I only shopped at Forever 21, H&M, and Target. They were the only places I thought I could afford and I had no idea how problematic fast fashion was. I was consuming it as fast as my tiny pay checks would allow. It wasn’t until much later that I started to become aware of the impact of fast fashion, along with all of the other “fast consumption” products that I was using on a daily basis. I’ll write a post later about behavior change, but basically my path followed the very typical Stages of Change, which is why I’m writing this now. If you’re reading this, you’re at least in “Contemplation” and that’s part of the journey. I feel very strongly that shaming people into behavior change never works, and people need to come to it on their own, so don’t take this as me evangelizing, only showing another potential option :-)
As I got a little older I started trying to simplify my life, I designed a “work uniform” for myself which doesn’t vary much from day to day (more on that later), but when I’m off work I had a really hard time figuring out what to wear. I still loved fashion, but I hated feeling like I was wasting money on clothes that were made poorly, were bad for the communities producing them, and had a horrible impact on the environment. It wasn’t until I started digging around blogs and Instagram that I found people who were doing this sustainable fashion thing already, and I started to learn.

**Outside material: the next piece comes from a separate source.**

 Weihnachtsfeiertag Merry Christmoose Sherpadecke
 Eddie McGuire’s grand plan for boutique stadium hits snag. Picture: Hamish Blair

The outfit below is care of an incredible woman here in Oakland, CA who curates thrift store finds and sells them via her insta @Sequoia.Vennari . I met her initially at her adorable diner, Sequoia in Oakland, if you’re in town you need to go, it’s amazing. Her finds are all full of pretty neutrals and quality fabrics. As far as sustainability goes, this is really the best you can do. Shop local and support small business. If you’re like me and you have a hard time with thrift store treasure hunts, find someone who does that and support them! The clothes are still affordable and you’ll be doing a solid for both the environment and your community.